Differential apple transcriptomic responses to Penicillium expansum (pathogen) and Penicillium digitatum (non-host pathogen) infection

Authors:   L. Vilanova, M. Wisniewski, J. Norelli, I. Viñas, R. Torres, J. Usall, J. Phillips, S. Droby, N. Teixidó
Keywords:   Malus × domestica, blue mold, microarray, phenylpropanoid related genes
DOI:   10.17660/ActaHortic.2016.1144.7
Abstract:
Penicillium expansum is the causal agent of blue mould of pome fruits and is responsible for important economical losses during postharvest handling in all producing countries. Although control of this pathogen can be achieved by using chemical fungicides, the appearance of resistant strains and increasing public concern about the use of chemicals in food products have motivated the study of host-pathogen interactions. To develop a better understanding of disease resistance mechanisms in apples, a comprehensive transcriptional analysis of apple gene expression in response to a compatible (P. expansum) and non-host (Penicillium digitatum) pathogen was conducted using an apple microarray of approximately 40,000 probes.
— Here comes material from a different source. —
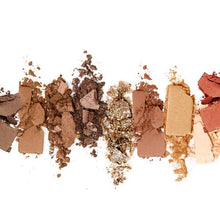 Load image into Gallery viewer, Farmasi Oasis Collection - Desert Sands eyeshadow palette #F111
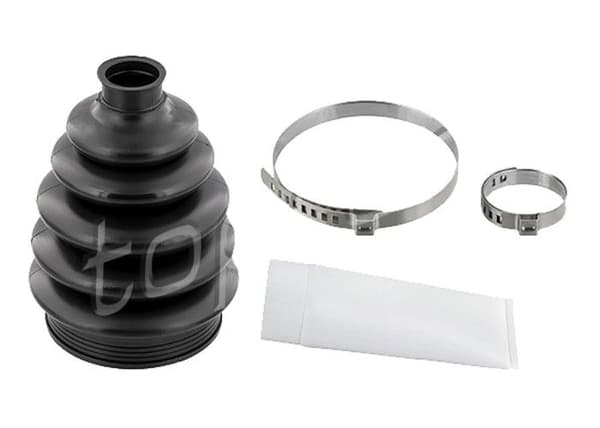 Soufflet de Cardan Côté Roue Pour Audi A3 Tt Seat Toledo II Leon 1H0498203AS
The obtained data provide further evidence that apples inoculated with P. expansum exhibit significant upregulation of defense-related genes and genes involved in detoxification of reactive oxygen species. In contrast, apples inoculated with P. digitatum, a non-host pathogen, exhibited upregulation of genes involved in phenylpropanoid metabolism. To confirm the accuracy of the expression profiles obtained with the microarray, reverse transcriptase-quantitative polymerase chain reaction (RT-qPCR) was conducted for four genes involved in the phenylpropanoid pathway (PAL1, PAL2, COMT2 and POX64). Expression data were obtained for different time points after inoculation and fruit maturity stages. The highest expression level of the phenylpropanoid genes was detected 48 h after inoculation with P. expansum in both immature and mature apples. Collectively, the results of the present study support the hypothesis that apples exhibit a more complex and diverse defense response to the compatible pathogen than to the non-host pathogen. P. expansum, however, is able to overcome these defenses and successfully infect apples.